Weshalb der Fußball die Mode erobert

Auf Tiktok haben Videos unter dem Schlagwort "Blokecore" mehrere hundert Millionen Aufrufe. Auch auf Berlins Straßen ist der Trend, Trikots zu tragen, längst angekommen. Damit könnte er dem Fußball aus einer Sackgasse helfen. Von Ilja Behnisch

Wir wollen mal nicht übertreiben, schließlich sind wir hier bei den Öffentlich-Rechtlichen. Sonst müsste man jetzt schreiben: Der Fußball, er stirbt ja bekanntlich. Aber das ist zum Glück Quatsch, denn dafür ist das Spiel viel zu genial und groß und überhaupt.
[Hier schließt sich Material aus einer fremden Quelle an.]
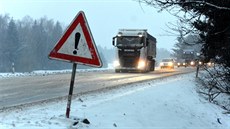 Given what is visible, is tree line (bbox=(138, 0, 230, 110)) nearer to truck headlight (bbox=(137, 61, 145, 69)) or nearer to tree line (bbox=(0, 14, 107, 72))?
truck headlight (bbox=(137, 61, 145, 69))

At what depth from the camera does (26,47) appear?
360 feet

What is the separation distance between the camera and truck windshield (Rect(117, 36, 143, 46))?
124 feet

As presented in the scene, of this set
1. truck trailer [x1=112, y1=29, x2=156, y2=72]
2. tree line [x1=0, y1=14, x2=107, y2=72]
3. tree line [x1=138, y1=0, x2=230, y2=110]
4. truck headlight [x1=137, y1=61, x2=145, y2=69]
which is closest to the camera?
tree line [x1=138, y1=0, x2=230, y2=110]

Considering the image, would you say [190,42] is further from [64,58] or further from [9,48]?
[9,48]

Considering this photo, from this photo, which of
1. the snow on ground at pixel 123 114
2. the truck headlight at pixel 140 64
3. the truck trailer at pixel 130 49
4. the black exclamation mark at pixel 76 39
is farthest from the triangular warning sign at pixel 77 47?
the truck headlight at pixel 140 64

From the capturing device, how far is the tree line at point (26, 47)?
101m

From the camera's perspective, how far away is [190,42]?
9734 millimetres

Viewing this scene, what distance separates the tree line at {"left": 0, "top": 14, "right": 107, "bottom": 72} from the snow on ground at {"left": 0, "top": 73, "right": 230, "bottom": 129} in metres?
81.3

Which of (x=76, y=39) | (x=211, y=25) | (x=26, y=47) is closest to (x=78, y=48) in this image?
(x=76, y=39)

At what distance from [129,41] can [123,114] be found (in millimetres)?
27643

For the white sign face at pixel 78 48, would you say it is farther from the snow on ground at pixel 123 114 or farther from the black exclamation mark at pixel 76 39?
the snow on ground at pixel 123 114

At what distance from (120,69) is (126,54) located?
5.31 ft

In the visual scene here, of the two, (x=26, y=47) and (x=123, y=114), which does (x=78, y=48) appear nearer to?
(x=123, y=114)

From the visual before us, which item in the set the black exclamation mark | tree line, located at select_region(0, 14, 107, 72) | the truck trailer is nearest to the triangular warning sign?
the black exclamation mark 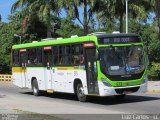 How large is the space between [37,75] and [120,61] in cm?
781

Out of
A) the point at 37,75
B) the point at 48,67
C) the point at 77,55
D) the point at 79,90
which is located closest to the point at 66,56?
the point at 77,55

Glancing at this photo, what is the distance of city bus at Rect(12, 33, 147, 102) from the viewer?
2028cm

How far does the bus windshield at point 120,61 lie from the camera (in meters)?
20.3

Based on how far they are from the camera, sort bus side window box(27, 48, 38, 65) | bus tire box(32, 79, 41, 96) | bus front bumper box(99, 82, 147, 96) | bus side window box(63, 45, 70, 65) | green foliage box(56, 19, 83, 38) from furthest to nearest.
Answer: green foliage box(56, 19, 83, 38) → bus tire box(32, 79, 41, 96) → bus side window box(27, 48, 38, 65) → bus side window box(63, 45, 70, 65) → bus front bumper box(99, 82, 147, 96)

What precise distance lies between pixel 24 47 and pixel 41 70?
286cm

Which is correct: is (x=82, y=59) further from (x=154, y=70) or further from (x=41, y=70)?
(x=154, y=70)

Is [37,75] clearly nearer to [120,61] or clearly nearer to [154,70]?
[120,61]

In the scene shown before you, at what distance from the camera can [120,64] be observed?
20.4m

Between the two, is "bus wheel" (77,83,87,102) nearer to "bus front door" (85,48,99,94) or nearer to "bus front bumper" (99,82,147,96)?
"bus front door" (85,48,99,94)

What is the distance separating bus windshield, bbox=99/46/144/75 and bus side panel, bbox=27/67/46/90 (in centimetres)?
659

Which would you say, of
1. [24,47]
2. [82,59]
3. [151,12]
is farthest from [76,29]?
[82,59]

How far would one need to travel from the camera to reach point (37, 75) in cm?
2708

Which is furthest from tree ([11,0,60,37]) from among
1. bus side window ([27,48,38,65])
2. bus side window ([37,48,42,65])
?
bus side window ([37,48,42,65])

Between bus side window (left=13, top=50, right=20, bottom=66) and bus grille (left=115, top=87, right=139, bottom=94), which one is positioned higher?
bus side window (left=13, top=50, right=20, bottom=66) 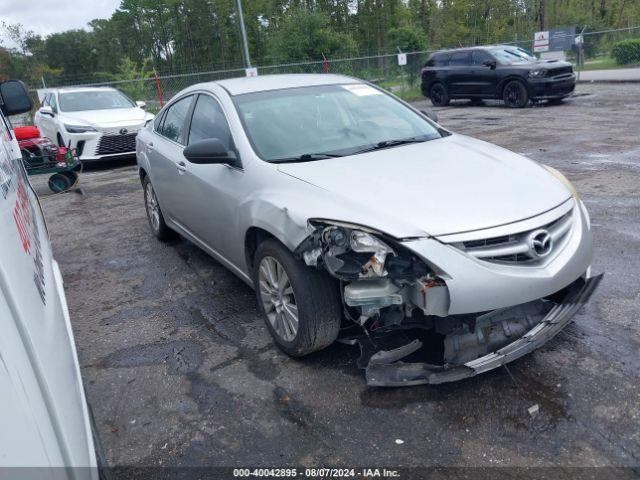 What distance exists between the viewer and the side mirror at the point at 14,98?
4375 millimetres

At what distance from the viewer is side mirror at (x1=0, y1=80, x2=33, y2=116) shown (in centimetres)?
438

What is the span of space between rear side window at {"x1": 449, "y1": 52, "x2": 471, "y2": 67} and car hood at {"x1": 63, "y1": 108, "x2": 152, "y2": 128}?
928 cm

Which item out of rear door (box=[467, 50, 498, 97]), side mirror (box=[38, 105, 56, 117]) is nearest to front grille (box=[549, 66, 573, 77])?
rear door (box=[467, 50, 498, 97])

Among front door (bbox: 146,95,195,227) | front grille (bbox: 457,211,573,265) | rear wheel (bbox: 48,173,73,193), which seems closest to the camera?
front grille (bbox: 457,211,573,265)

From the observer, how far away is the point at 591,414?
111 inches

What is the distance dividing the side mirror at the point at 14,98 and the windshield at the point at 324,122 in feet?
5.44

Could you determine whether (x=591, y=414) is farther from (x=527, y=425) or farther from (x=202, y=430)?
(x=202, y=430)

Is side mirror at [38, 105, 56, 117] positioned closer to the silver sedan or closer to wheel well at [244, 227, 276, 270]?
the silver sedan

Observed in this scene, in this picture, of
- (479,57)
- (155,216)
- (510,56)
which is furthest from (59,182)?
(510,56)

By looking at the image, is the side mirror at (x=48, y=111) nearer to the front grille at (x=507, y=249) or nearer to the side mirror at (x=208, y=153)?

Das kriegt auch der sogenannte moderne Fußball nicht unter die Erde. Auch wenn er sich wirklich Mühe gibt mit Sportswashing, Korruption und Geldmacherei.

An Bedeutung aber verliert er auf Sicht wohl schon. Zumindest in Deutschland. Zwar sind die Fußball-Stadien noch voll, doch der Nachwuchs hat offenkundig zunehmend weniger Interesse am einst liebsten Kind der Republik. "Die jüngeren Zielgruppen haben einfach nicht mehr die Aufmerksamkeitsspanne, sich 90 Minuten lang ausschließlich ein Spiel anzusehen", sagte im Sommer 2022 Donata Hopfen, zu diesem Zeitpunkt mittendrin in ihrer einjährigen Amtszeit als Geschäftsführerin der Deutschen Fußball Liga (DFL).

Trikots ohne Lokal-Bezug

Viel lieber schauten sich die, Achtung, Boomer-Alarm, "Kids" auf Tiktok ein paar Highlight-Videos globaler Super-Teams und -Stars an. Und tatsächlich, wer einmal an einem Schulhof vorbei schlenderte dieser Jahre, sah mehr Mini-Messis beim Nachstellen einzelner Kunststückchen als traditionelle Partien Fünf gegen Fünf. Und auch die Trikots, die die, sorry, "Kids" dabei trugen, ließen nicht unmittelbar darauf schließen, sich gerade durch, zum Beispiel, Berlin zu bewegen.

Barcelona-, Paris- und Manchester-Trikots sind auf den Sportplätzen längst klar in der Überzahl. Auch wenn der Raketenflug von Union Berlin eindeutig verhaftet und in Form von getragenen Trikots sichtbar wird in der Stadt. Und horchen Sie doch mal in sich hinein und beantworten folgende Frage: Wann haben Sie zuletzt jemanden in einem Hertha-Trikot gesehen? Also jenseits der selbstkasteienden Spieltags-Pilgerfahrer der Hertha-Fans zum und vom Olympiastadion.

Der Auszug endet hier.